Cleaning up busybox is only an issue if I'm going to be developing on busybox.  
It's just my weird aesthetic sensibility that obviously isn't important to the 
metrics the project uses to measure itself, and I have enough self-imposed 
tasks for the moment, thanks.

> They are in exactly
> the same position as you: they don't want to cross-compile
> a $HUGE_BLOATED_PACKAGE, so they reimplement or port
> part of it to busybox.
>
> Same thing.

Actually in my case I want to keep the set of environmental dependencies as 
simple as possible.  The thing that really appeals to me about busybox is I 
can build it on a wide range of host systems without having to worry about 
whether that system has lex and bison and autoconf and automake and perl and 
python and zlib and internationalization support and 

It lets me worry about what I'm cross compiling _to_ and not have to worry 
about what I'm cross compiling _from_.  And that's valuable.

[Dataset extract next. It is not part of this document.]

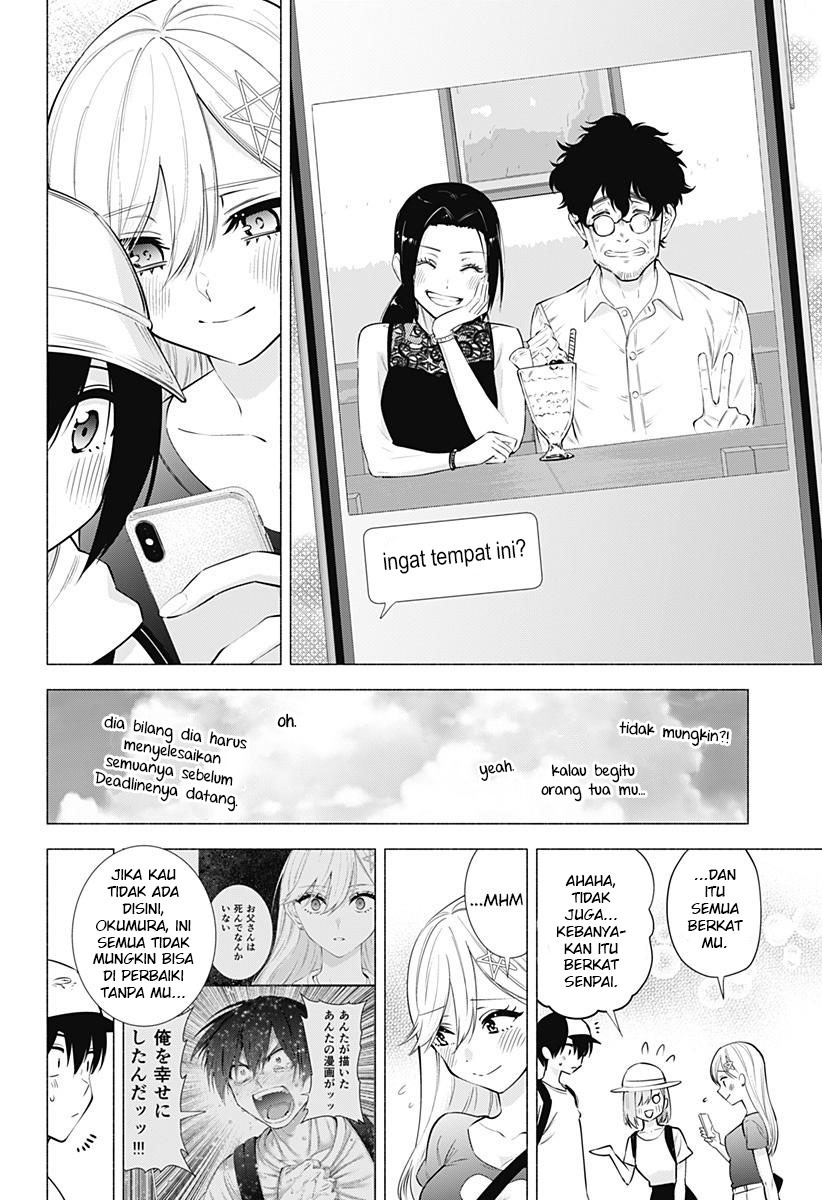 5-dimensional-seduction - Chapter: 61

But it's the _simplicity_ that appeals to me, not the size or speed.  I'm 
building busybox "defconfig" because that makes my build scripts conceptually 
very simple, even though that literally enables a hundred more apps than my 
build actually needs.  Micro-managing busybox's config to strip it down would 
make it smaller, and make the _result_ simpler, but it would make my build 
more complicated, harder to maintain, harder for new people to learn, more 
likely to bit-rot...

I'm glad busybox does more things for more people, but I'd already implemented 
most of the feature set I personally needed to do this back in 1.2.2, and the 
remaining bits I've added since (oneit, patch, nbd-client, ccwrap, etc.) could 
live as individual files in sources/toys/*.c if necessary.  (You'll note I 
haven't pushed oneit into busybox, even though an init program designed to 
launch a single executable with a proper controlling TTY and signal handling, 
reap zombies until that executable exits, and then shut the system down... 
once upon a time that simplicity would have been in busybox's purview.  But it 
would have been a unique facility of busybox, not a copy of an existing 
program somebody else already wrote and maintains externally, and thus not 
part of busybox's _current_ mandate.  I never saw busybox as a shadow of other 
projects, but I was weird.  I went to a Weird Al concert last night where I 
bought the tour T-shirt I'm wearing now and shouted the civic motto "Keep 
Austin Weird" at him.  And the only two songs that were new to me were the 
"Polka face" medly at the beginning and the one about cellphones.  That's how 
weird we're talking here.)

I'm happy that busybox is well maintained, and I'm happy that if I post a bug 
report here it tends to get addressed promptly.  But my goals and busybox's 
goals have drifted apart over the years, and I'd rather spend the majority of 
my time elsewhere now.

Rob
-- 
GPLv3: as worthy a successor as The Phantom Menace, as timely as Duke Nukem 
Forever, and as welcome as New Coke.